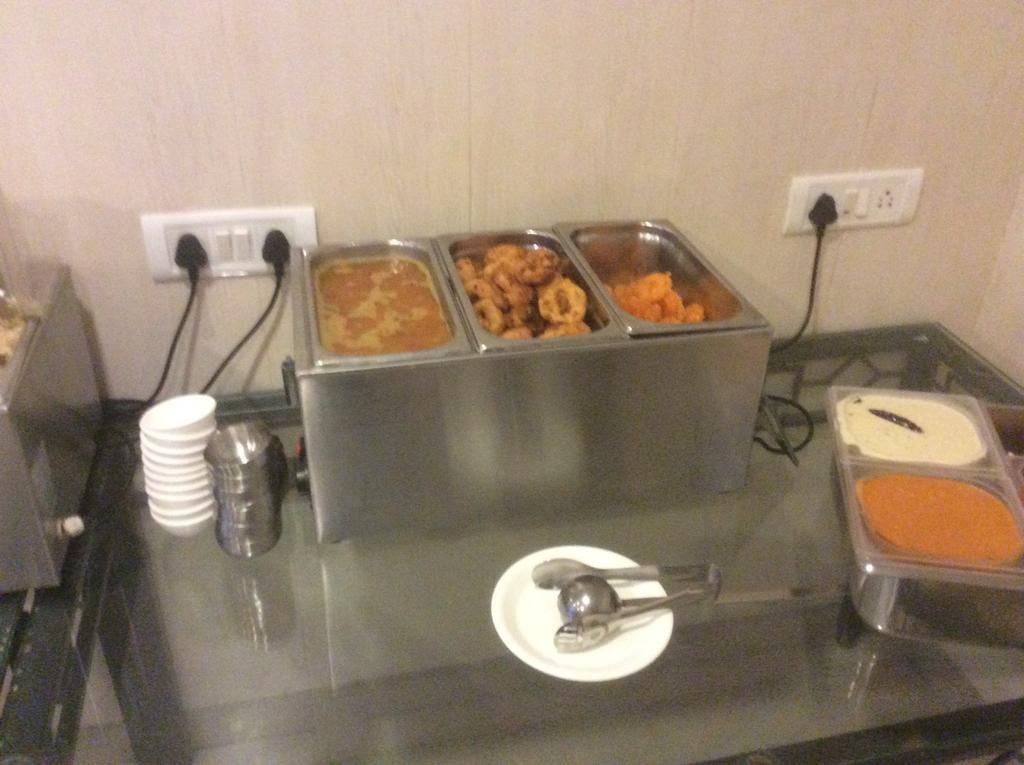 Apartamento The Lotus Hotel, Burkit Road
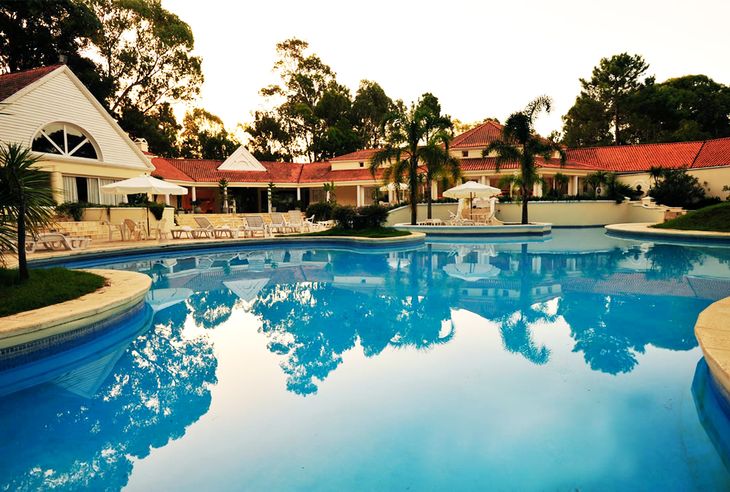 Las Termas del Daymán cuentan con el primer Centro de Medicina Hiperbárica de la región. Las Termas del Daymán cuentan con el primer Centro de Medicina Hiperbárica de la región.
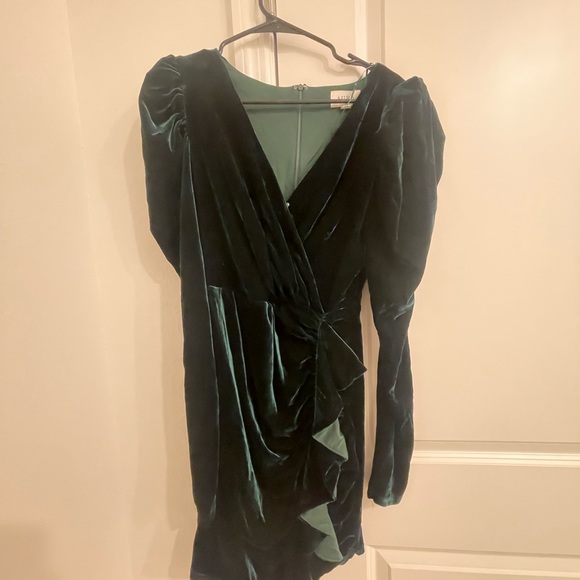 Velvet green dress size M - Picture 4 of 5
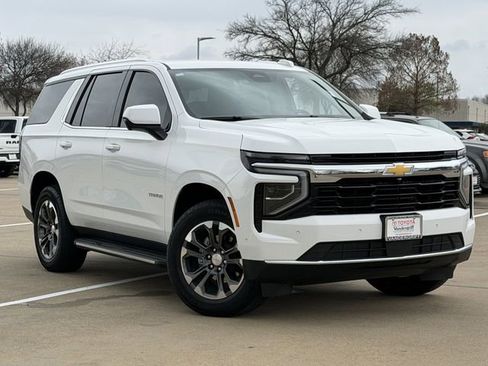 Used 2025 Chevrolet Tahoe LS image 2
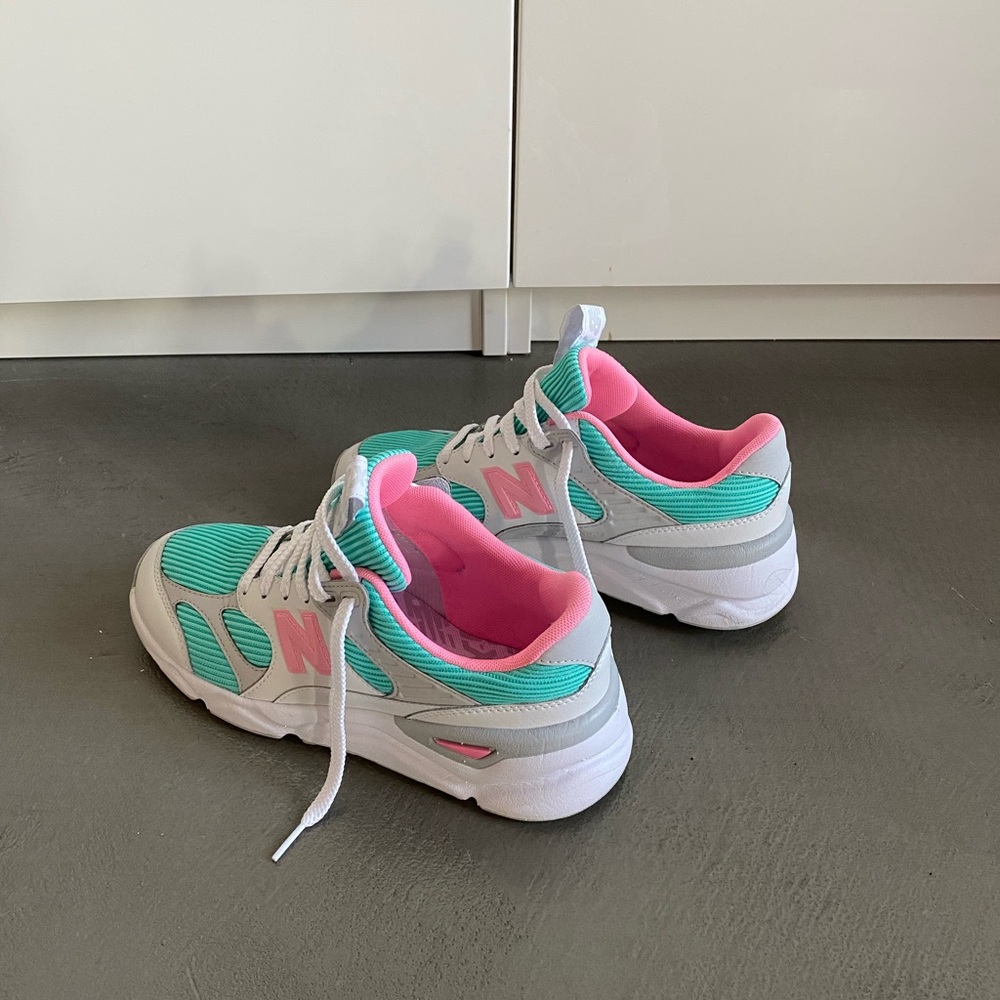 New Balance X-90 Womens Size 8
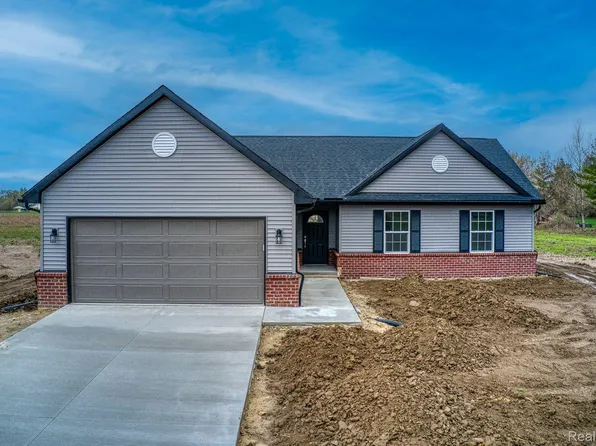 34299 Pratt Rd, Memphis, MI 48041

...

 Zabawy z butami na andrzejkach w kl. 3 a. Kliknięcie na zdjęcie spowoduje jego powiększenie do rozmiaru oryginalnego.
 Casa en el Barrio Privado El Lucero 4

-- Task brief --
Restate word for word only the lines above from the line containing "Zabawy z butami" to the line containing "Casa en el Barrio Privado El Lucero 4", both of them included.

-- Exercise solution --
 Zabawy z butami na andrzejkach w kl. 3 a. Kliknięcie na zdjęcie spowoduje jego powiększenie do rozmiaru oryginalnego.
 Casa en el Barrio Privado El Lucero 4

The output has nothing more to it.